It’s been on the cards for months now, and every time the wind picks up it brings to mind the mess that some of the old plantations are in along the west shore of the loch. Some of the plantations will require considerably more than a couple of chainsaws and some man power to get them sorted, but for the patch of woodland at Mary’s Knowe near the ponds, we identified an area that we could really make a difference on in terms of appearance.
With so much wind damage, our first priority is always public safety, so trees that presented a real danger were felled and logged. Much of the windblown damage was also logged, and the scrub that was cut from it was burned.
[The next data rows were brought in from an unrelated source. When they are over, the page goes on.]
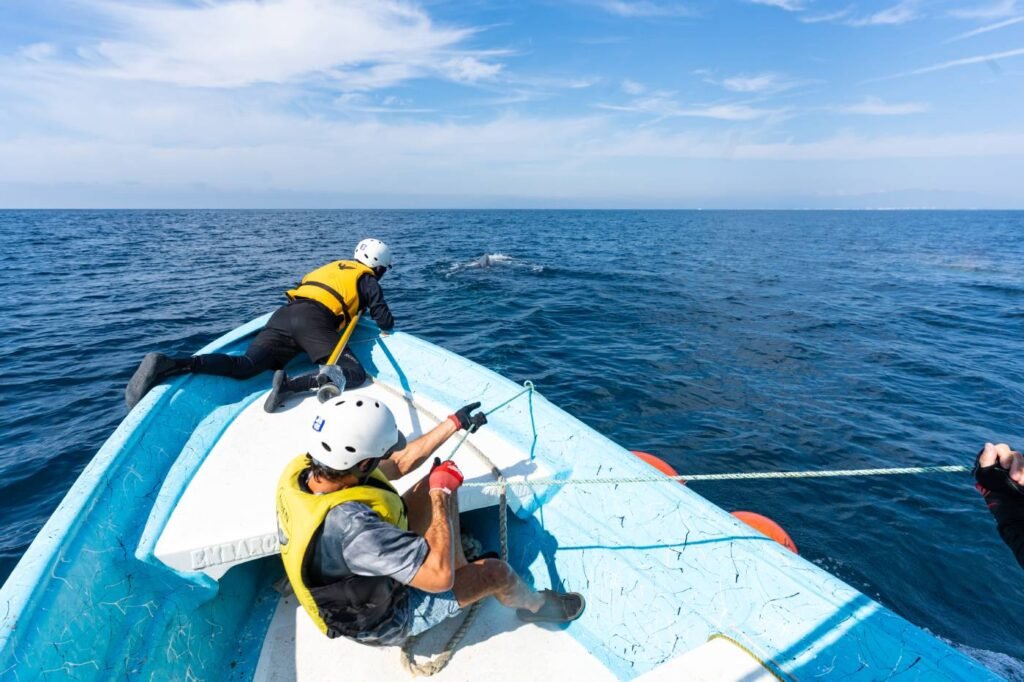 RABEN y Vallarta Adventures realizan primer rescate de una ballena jorobada de la temporada 2025-2026 1 rescate ballena jorobada los arcos de mismaloya 2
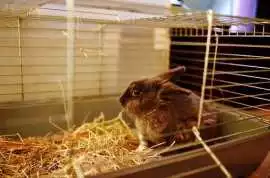 Small Pets Hostel In , Ghaziabad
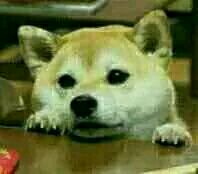 fuck微信恶搞表情包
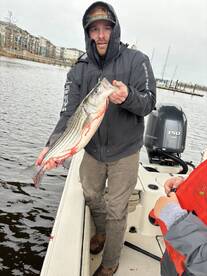 New Hanover County Report Photo 2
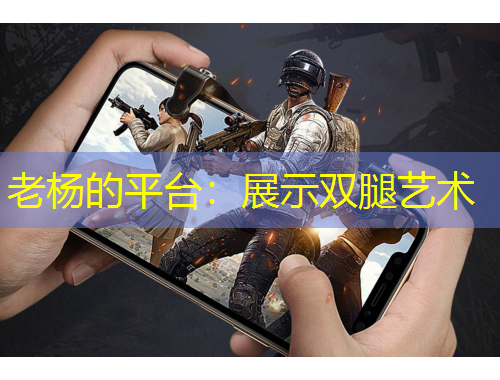 老楊的平臺：展示雙腿藝術(shù)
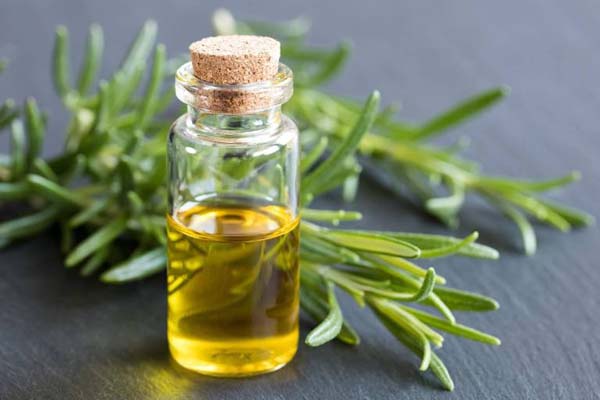 Rosemary Oil For A Strong And Healthy Hair #hair #hairstyles #trendypins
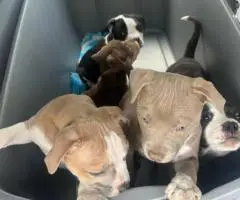 American Bully puppies $500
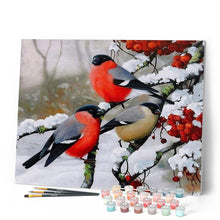 Afbeelding in Gallery-weergave laden, Schilderen op Nummer - Roodborstje in de winter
This time of year is the ideal time to be focusing on tree work of this sort, and we’re lucky that this year our group of regular volunteers has grown to between 5 and 8 people. In recent weeks we have also welcomed Katja, Steve, David F., Leo and Rod to accompany Alan, David A. and Louise. They’ve all put a shift in at Mary’s Knowe over the last couple of weeks, and it’s really satisfying work to leave a site looking so much better than when work started there.
With Jeremy, Neil and I all spending some time out there with them, we’re now happy that it’s been a job well done, and provided mother nature doesn’t decide to do any more felling of her own, then tree work should be done in this area for at least another year.
Next on the agenda for our group of volunteers will be more tree work, first at some of the Old Railway ponds by the new section of Heritage Trail, then hopefully back to a patch of encroaching willow further north at Mary’s Knowe. It is as always, a race against time. Once spring sets in and the birds begin to nest, it’ll be chainsaws scrubbed up and locked down for another season.